(EXTRACTED DATA begins)
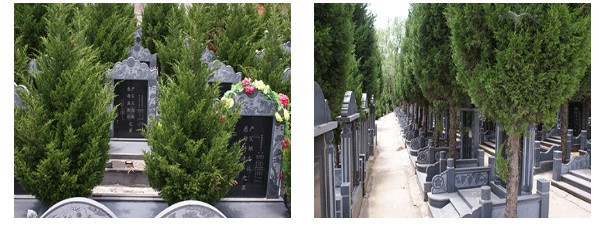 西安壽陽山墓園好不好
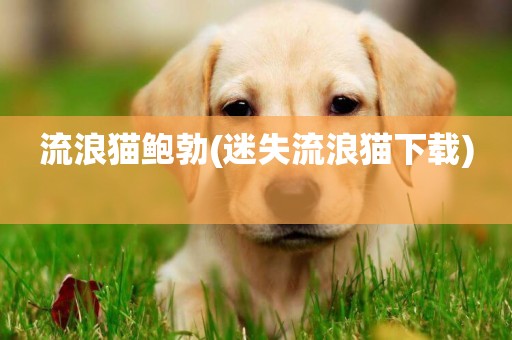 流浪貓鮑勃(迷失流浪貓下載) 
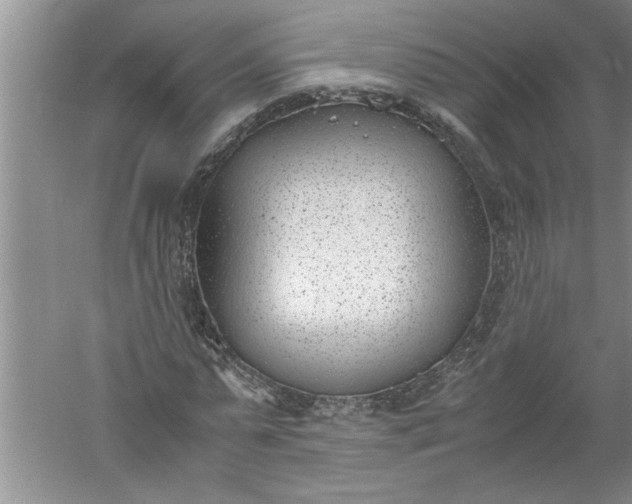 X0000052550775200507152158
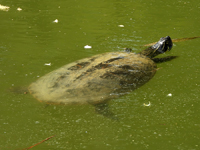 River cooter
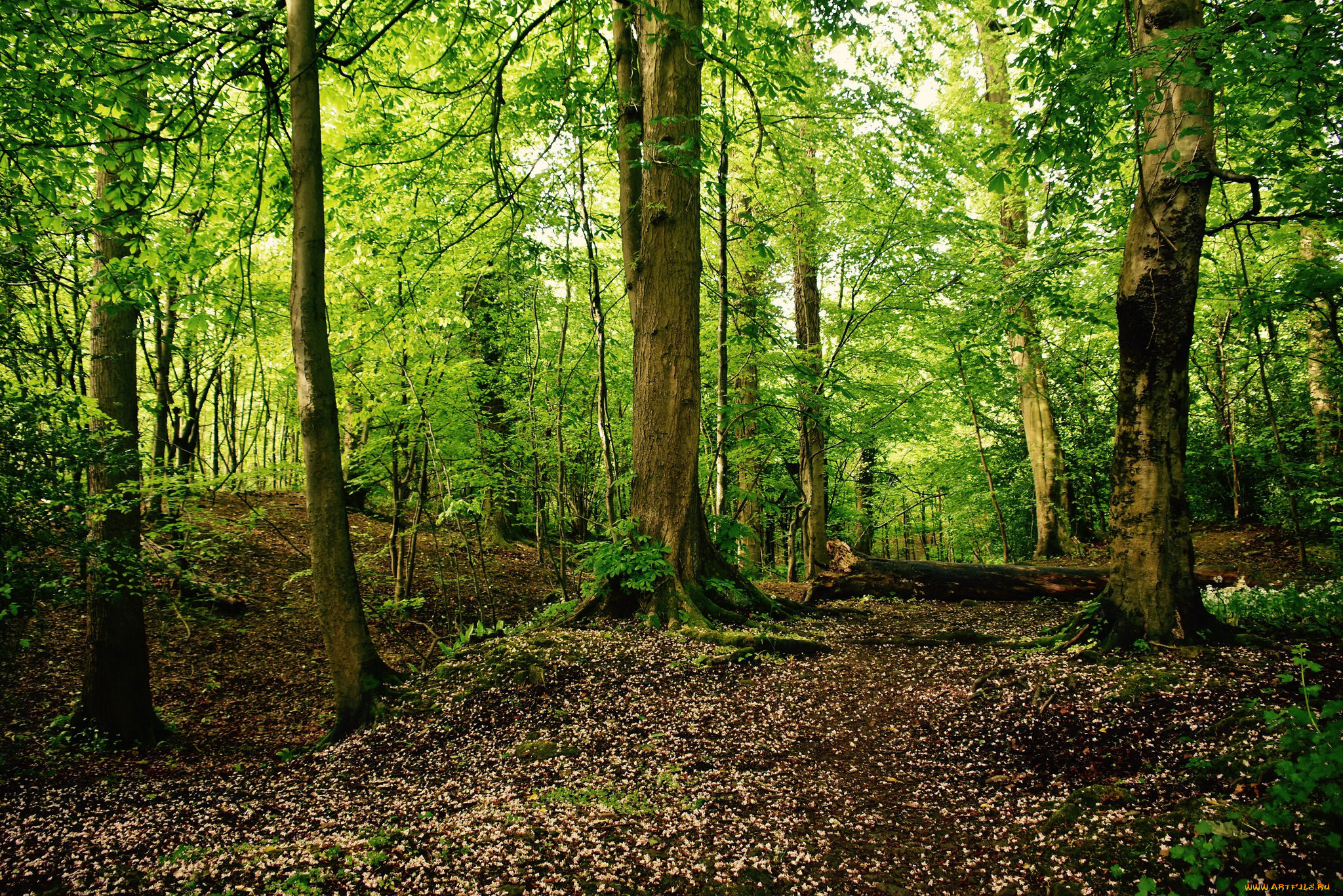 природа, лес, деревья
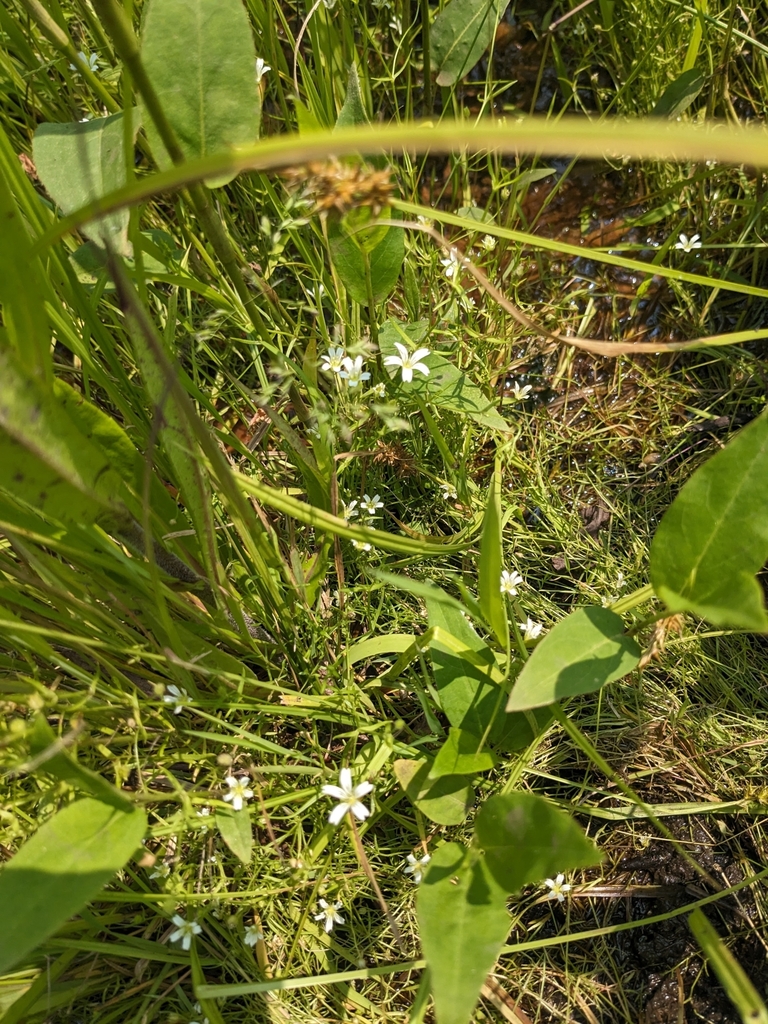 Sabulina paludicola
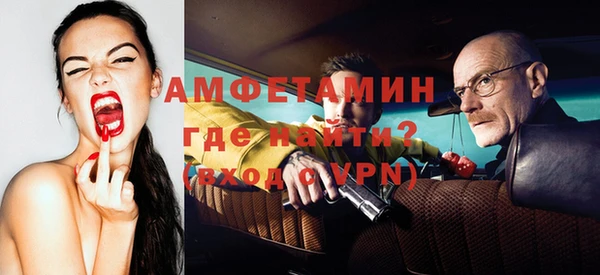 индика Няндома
(EXTRACTED DATA ends)
(EXTRACTED DATA begins)
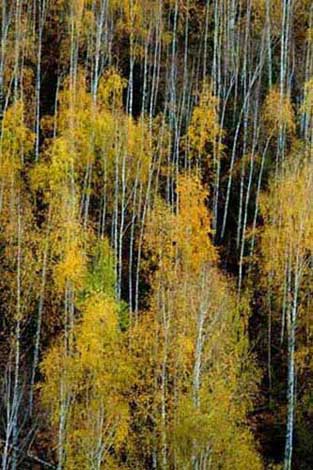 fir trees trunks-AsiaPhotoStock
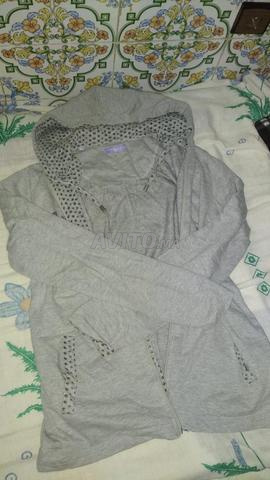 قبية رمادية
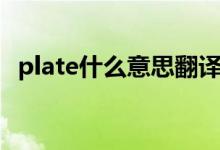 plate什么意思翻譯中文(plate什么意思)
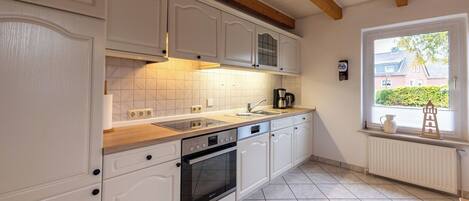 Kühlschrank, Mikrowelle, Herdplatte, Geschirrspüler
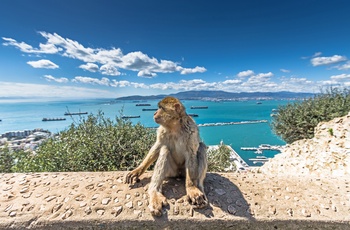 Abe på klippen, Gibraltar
(EXTRACTED DATA ends)
Taking the entries above, extract every line from the one bearing "قبية رمادية" through the one bearing "Abe på klippen, Gibraltar", exactly, with no pictures.

 قبية رمادية
 plate什么意思翻譯中文(plate什么意思)
 Kühlschrank, Mikrowelle, Herdplatte, Geschirrspüler
 Abe på klippen, Gibraltar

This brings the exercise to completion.